[Task item]
In the records that follow, find the line containing "Nasgas DG-555 3" and the line containing "Product image 6", then transcribe both and every line between them exactly, omitting pictures.

[Records provided]
- Opening Delimiter -
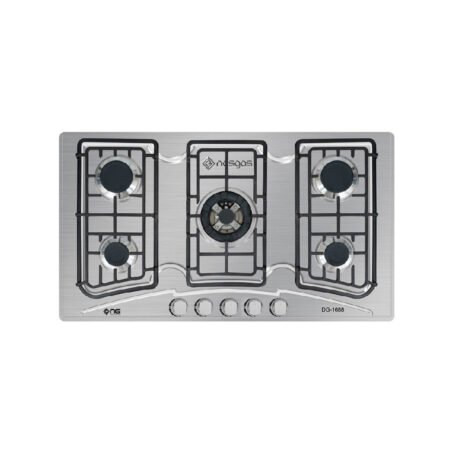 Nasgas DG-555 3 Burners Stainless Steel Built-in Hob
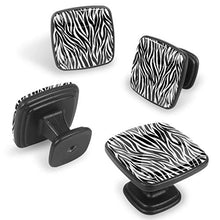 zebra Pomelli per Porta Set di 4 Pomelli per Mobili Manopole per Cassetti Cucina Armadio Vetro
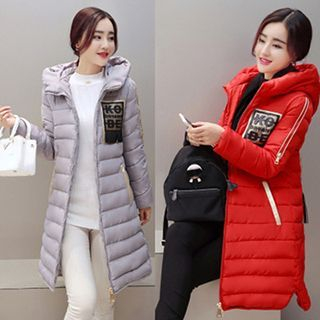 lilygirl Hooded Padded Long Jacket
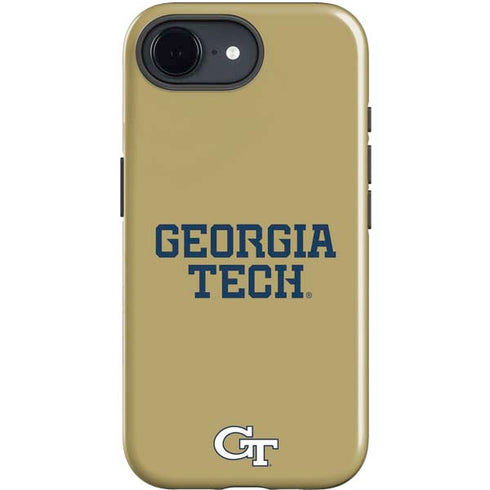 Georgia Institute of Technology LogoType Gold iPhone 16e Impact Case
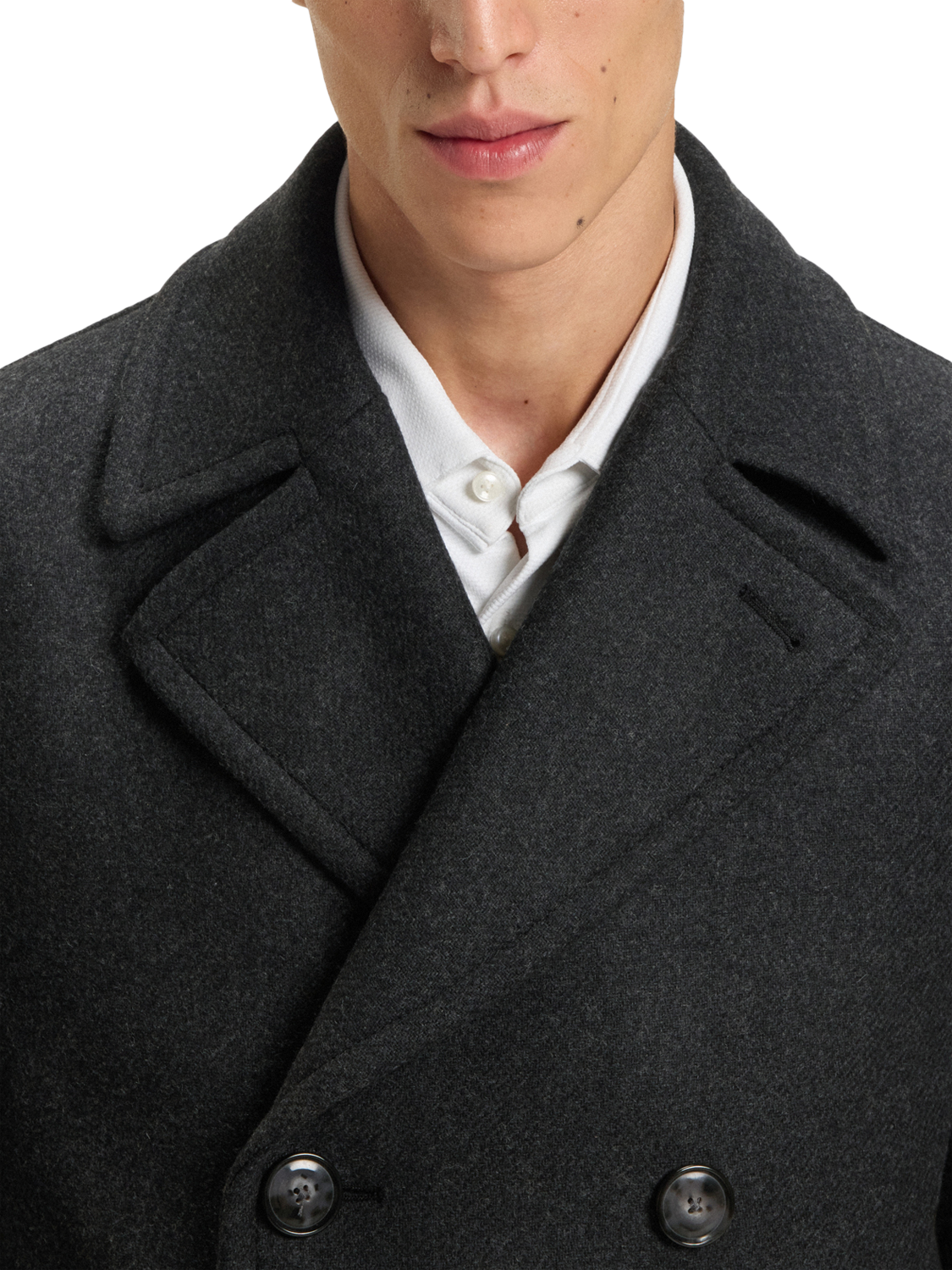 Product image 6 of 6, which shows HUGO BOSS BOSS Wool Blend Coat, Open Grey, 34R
- Closing Delimiter -
- Opening Delimiter -
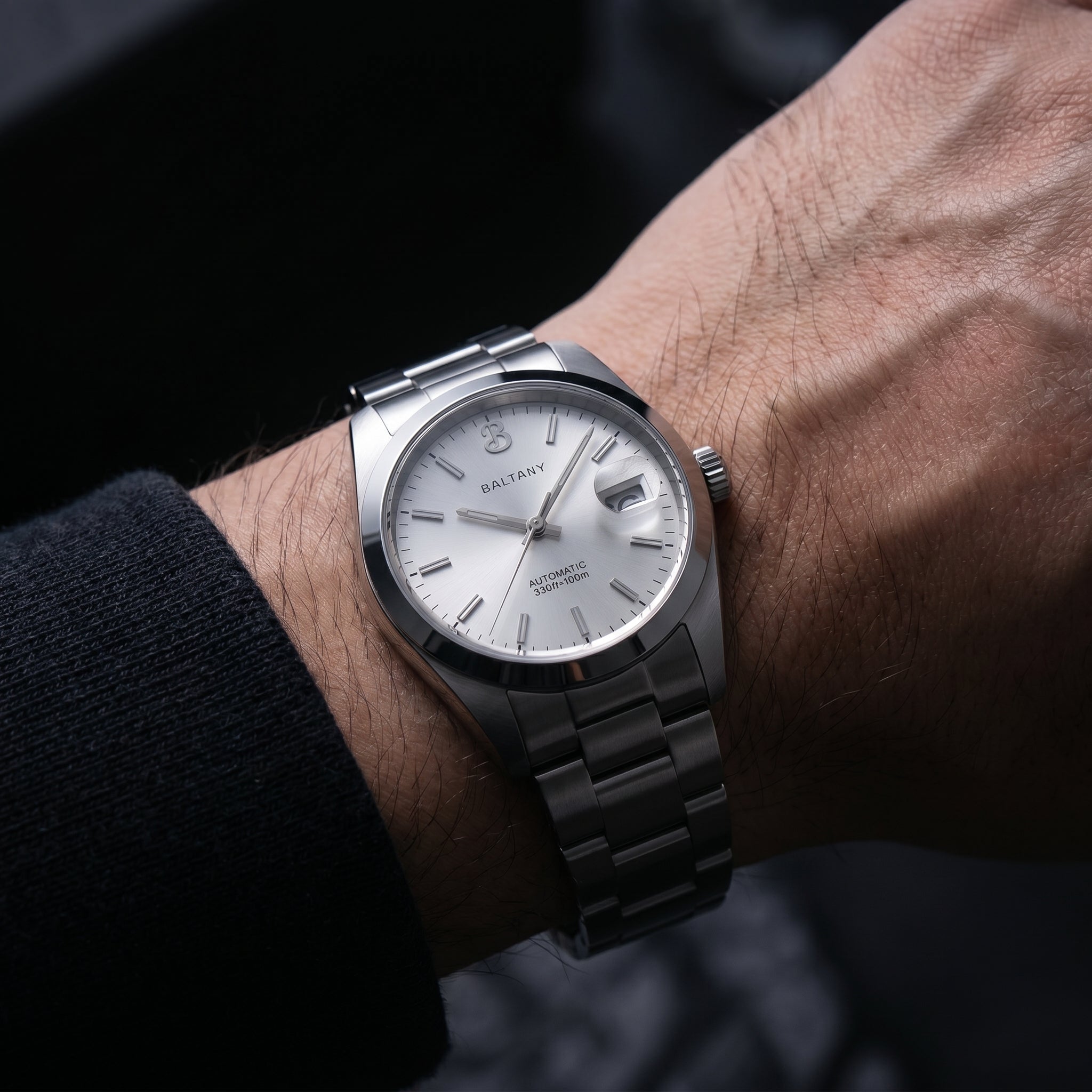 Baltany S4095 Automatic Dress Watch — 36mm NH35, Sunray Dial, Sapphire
- Closing Delimiter -
[The completed task]
 Nasgas DG-555 3 Burners Stainless Steel Built-in Hob
 zebra Pomelli per Porta Set di 4 Pomelli per Mobili Manopole per Cassetti Cucina Armadio Vetro
 lilygirl Hooded Padded Long Jacket
 Georgia Institute of Technology LogoType Gold iPhone 16e Impact Case
 Product image 6 of 6, which shows HUGO BOSS BOSS Wool Blend Coat, Open Grey, 34R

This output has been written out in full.